▶ ABOUT THIS EXERCISE: For this exercise, output exactly the lines from the opening line of the listing through the line with "Neuro Ophthalmology Notions", skipping pictures.

-- MATERIAL SHOWN follows --

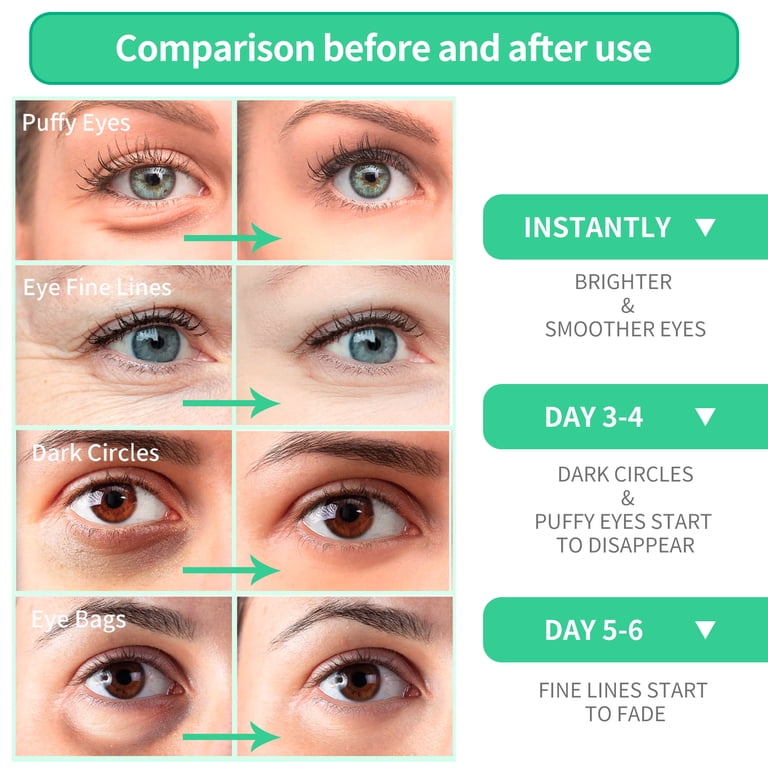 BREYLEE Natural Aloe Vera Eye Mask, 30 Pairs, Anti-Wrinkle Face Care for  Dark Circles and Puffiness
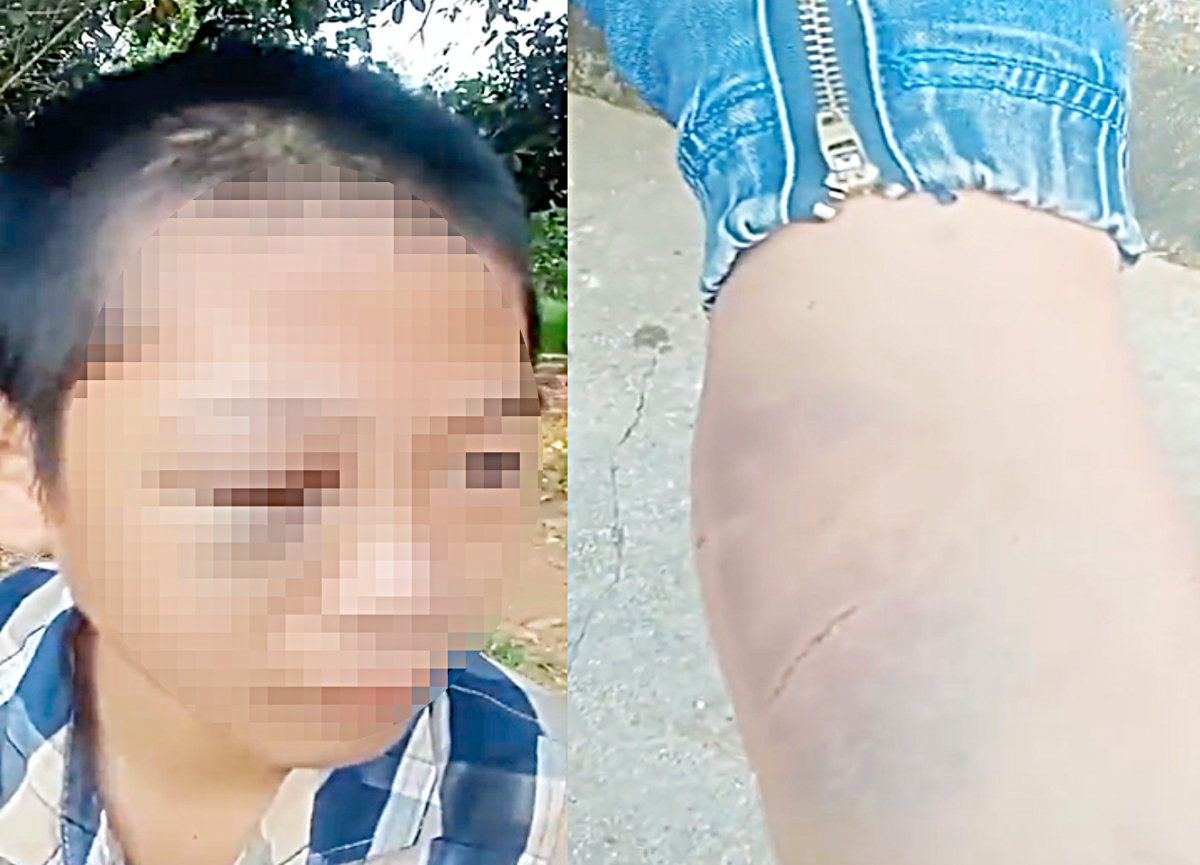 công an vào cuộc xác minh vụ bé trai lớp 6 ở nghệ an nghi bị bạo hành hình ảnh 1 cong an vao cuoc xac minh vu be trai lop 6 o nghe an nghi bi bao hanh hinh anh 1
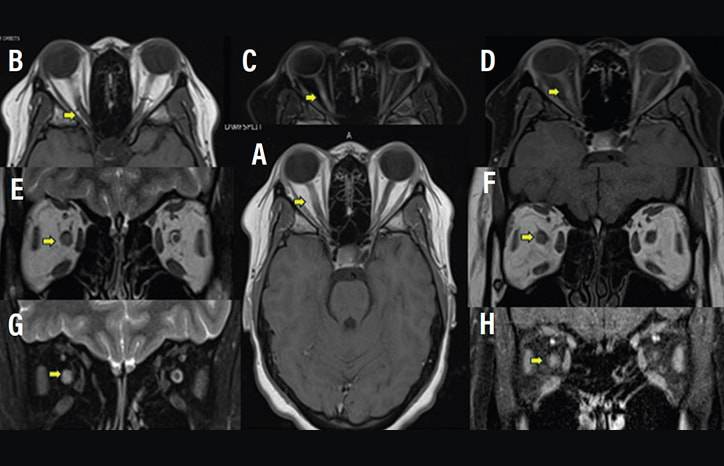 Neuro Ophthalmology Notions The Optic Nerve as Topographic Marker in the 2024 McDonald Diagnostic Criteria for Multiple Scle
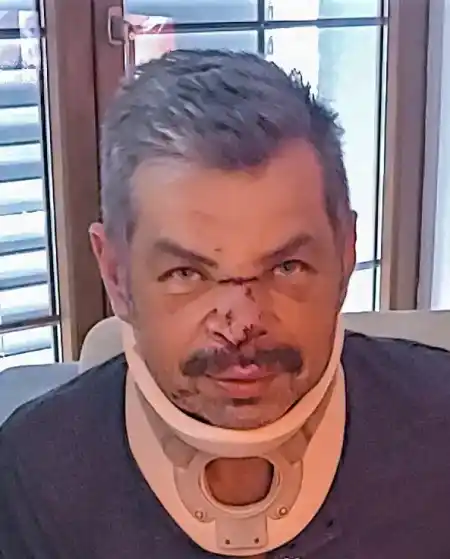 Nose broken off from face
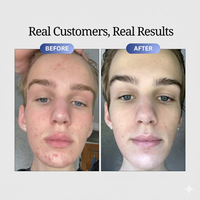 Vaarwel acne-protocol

-- MATERIAL SHOWN concluded --

▶ EXERCISE RESPONSE:
 BREYLEE Natural Aloe Vera Eye Mask, 30 Pairs, Anti-Wrinkle Face Care for  Dark Circles and Puffiness
 công an vào cuộc xác minh vụ bé trai lớp 6 ở nghệ an nghi bị bạo hành hình ảnh 1 cong an vao cuoc xac minh vu be trai lop 6 o nghe an nghi bi bao hanh hinh anh 1
 Neuro Ophthalmology Notions The Optic Nerve as Topographic Marker in the 2024 McDonald Diagnostic Criteria for Multiple Scle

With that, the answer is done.